* _Activity_
Starting with the line that has "Kanały nawiewu kabiny 4L1820701" in the records below and ending with the line that has "11 de la NFL", output those lines exactly and nothing more; omit the pictures.

* _Available data_
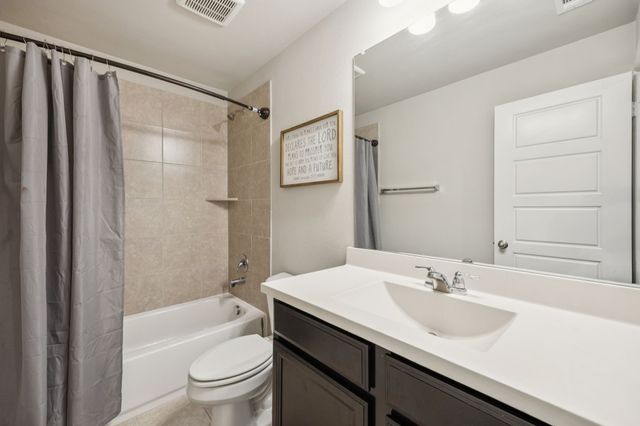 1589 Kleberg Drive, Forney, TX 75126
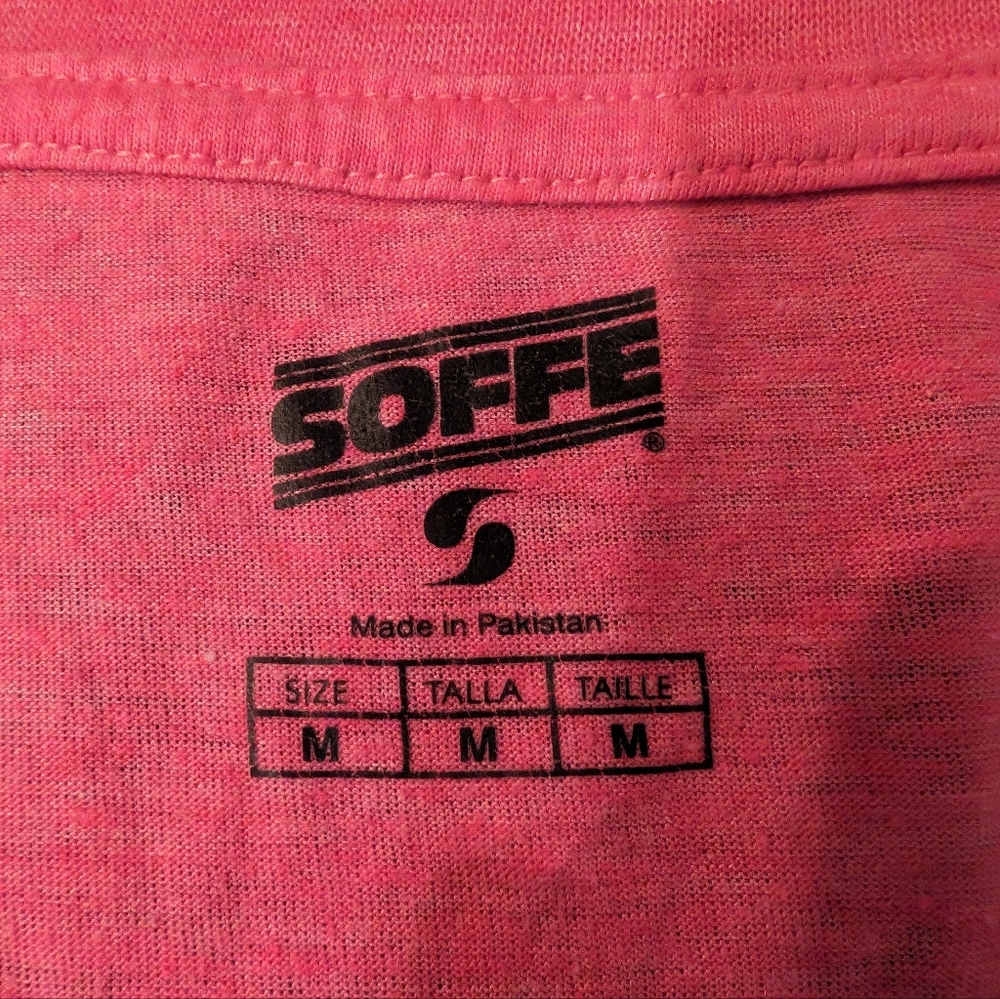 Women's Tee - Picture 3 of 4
* * *
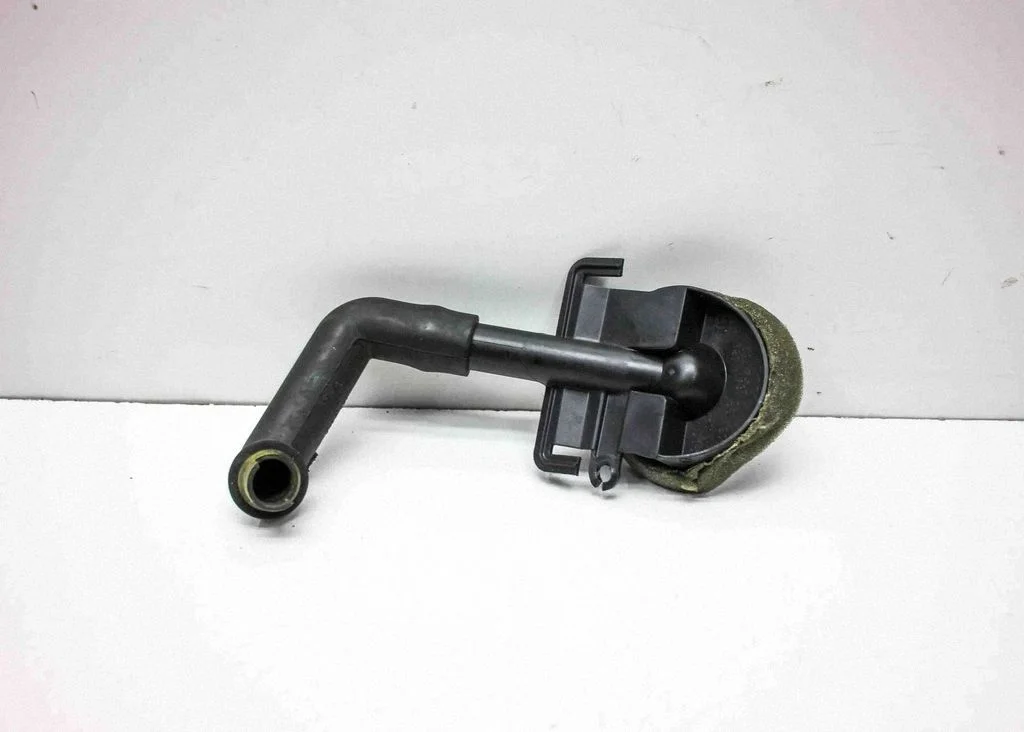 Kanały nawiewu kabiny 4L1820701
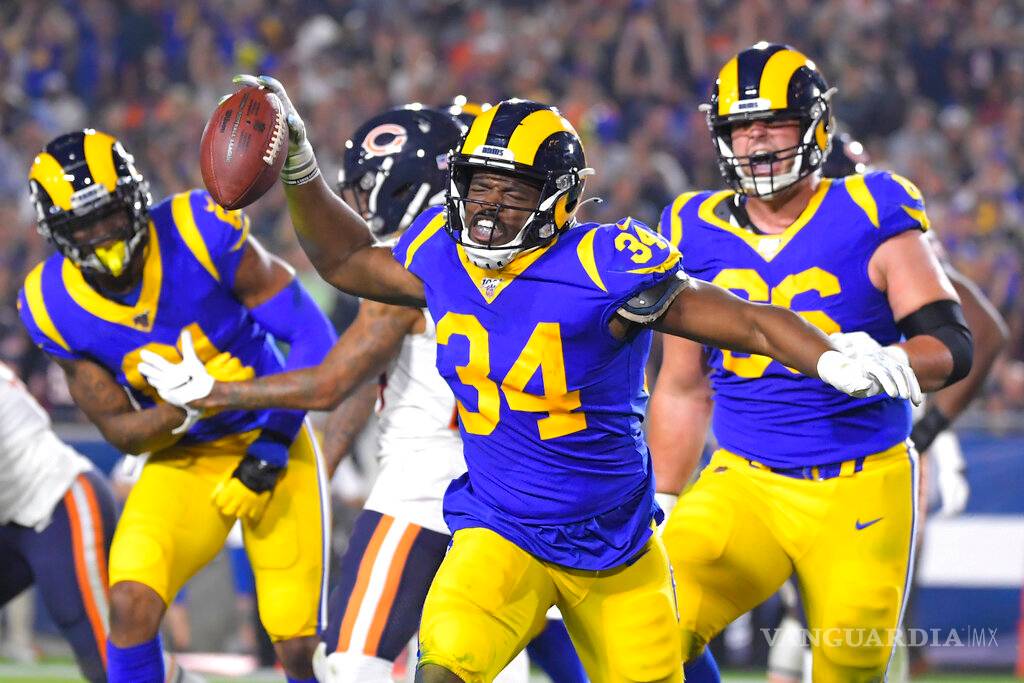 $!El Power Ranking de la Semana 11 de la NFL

* _Answer for this exercise_
 Kanały nawiewu kabiny 4L1820701
 $!El Power Ranking de la Semana 11 de la NFL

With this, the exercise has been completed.